**Exercise**
Exact copy, no pictures: every line from the one that contains "Kırkağaç\'ta Yollar Çöktü Arabalar Yan Yattı" through the end of the data below, and nothing else.

------ Available records

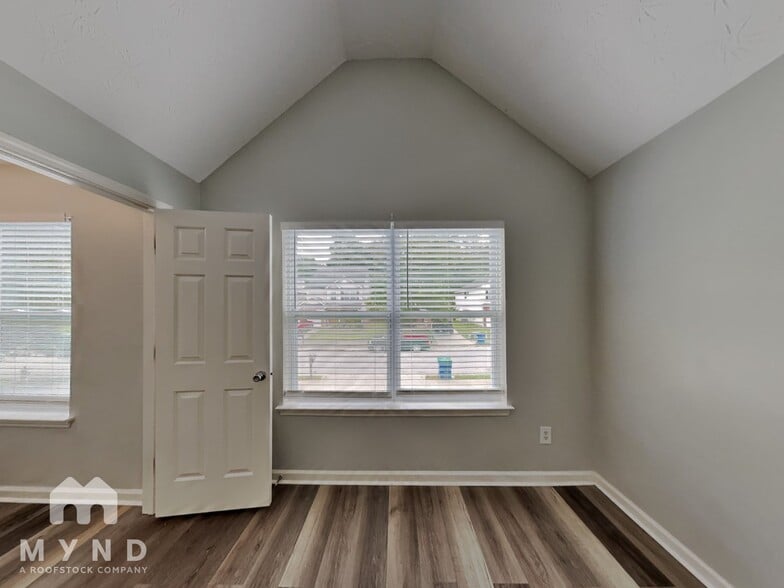 Building Photo - 2440 Wood Bend Ln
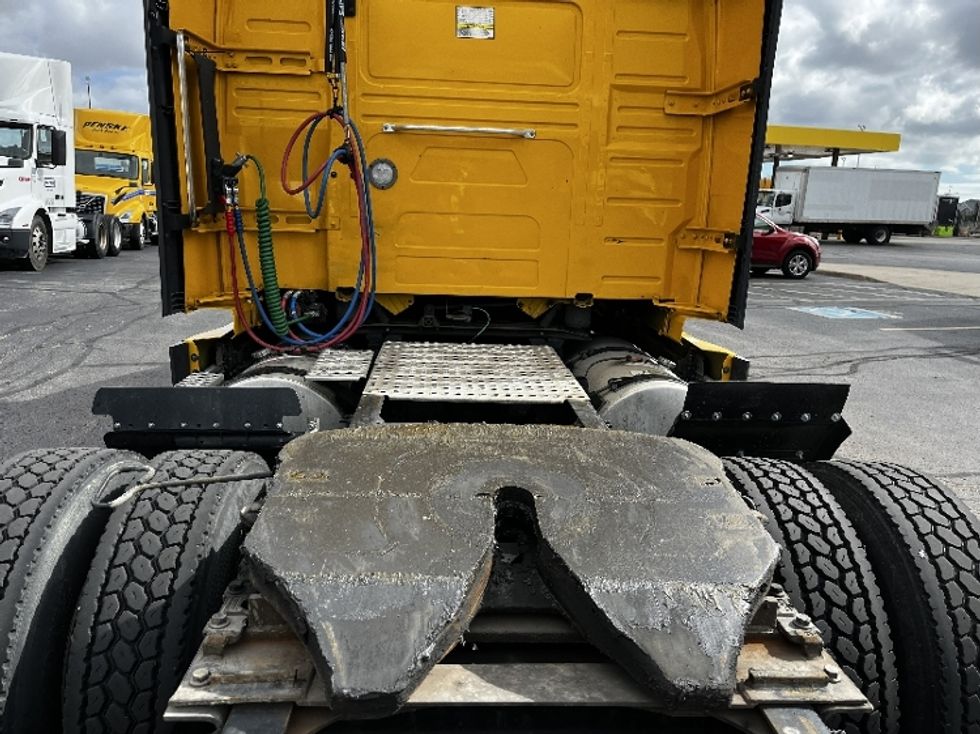 Sleeper Tractor-Heavy Duty Tractors-Volvo-2022-VNL64760-Milwaukee-WI-517,321\n\t\tmiles-$ 65,500 - Image 5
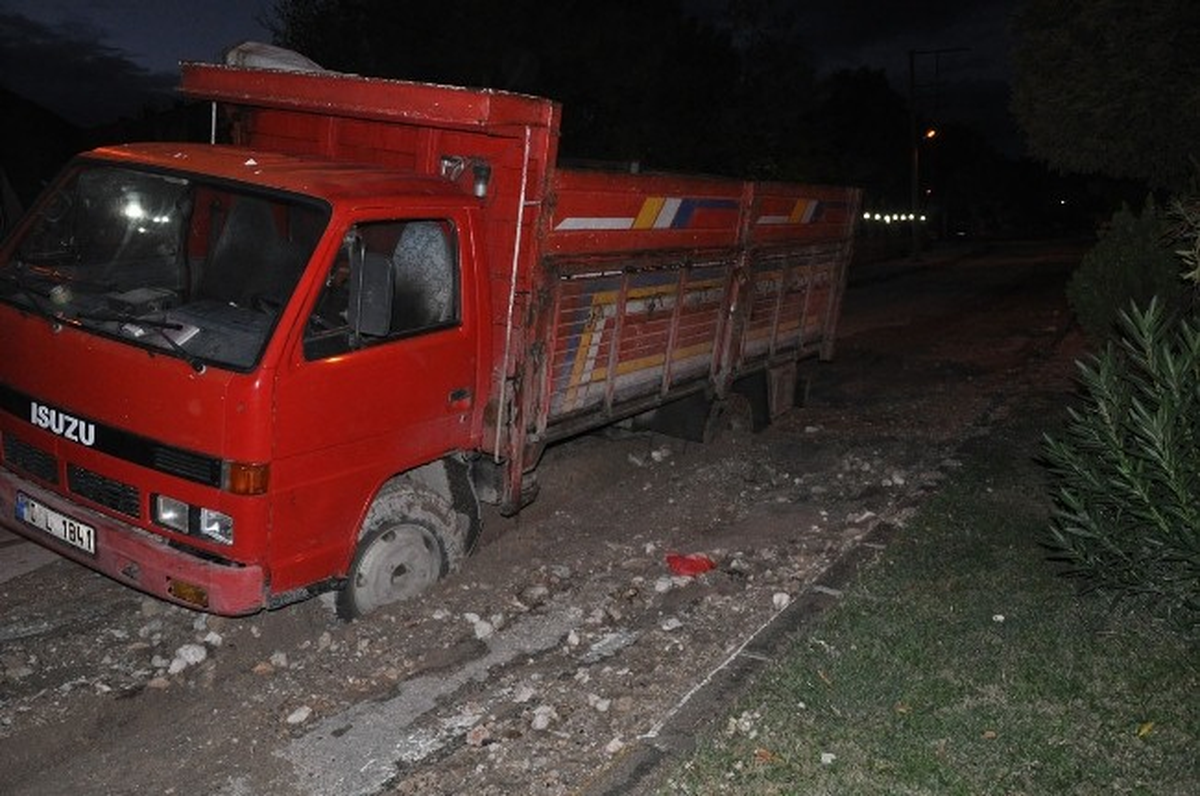 Kırkağaç\'ta Yollar Çöktü Arabalar Yan Yattı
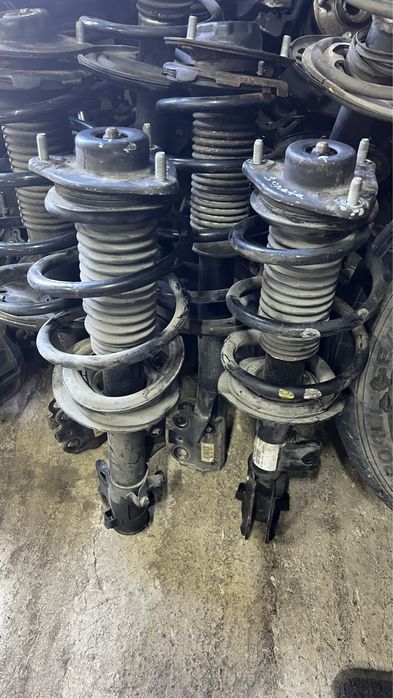 Передние амортизаторы Камри 50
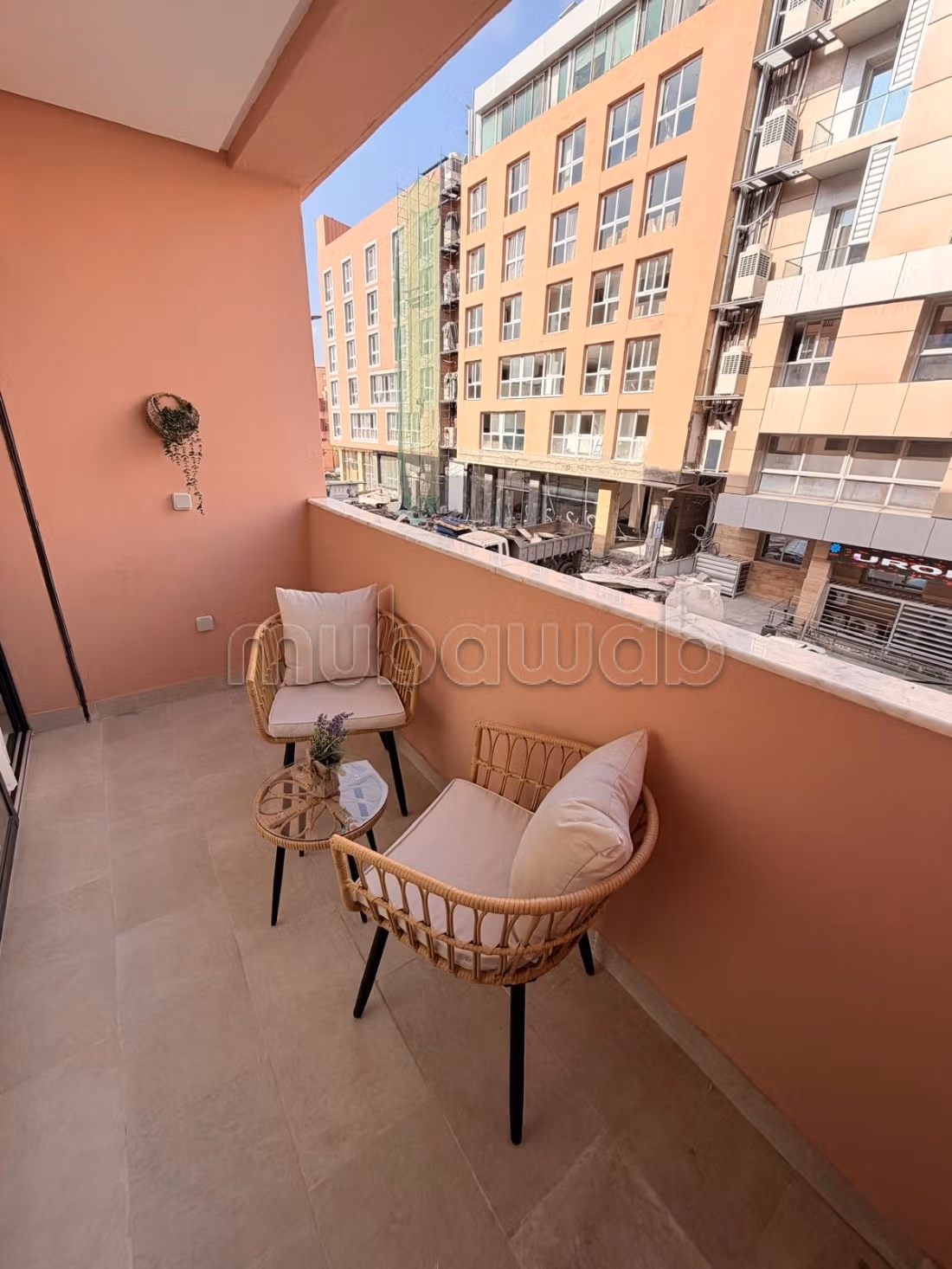 Apartment With Rooftop Pool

------------

**Written response**
 Kırkağaç\'ta Yollar Çöktü Arabalar Yan Yattı
 Передние амортизаторы Камри 50
 Apartment With Rooftop Pool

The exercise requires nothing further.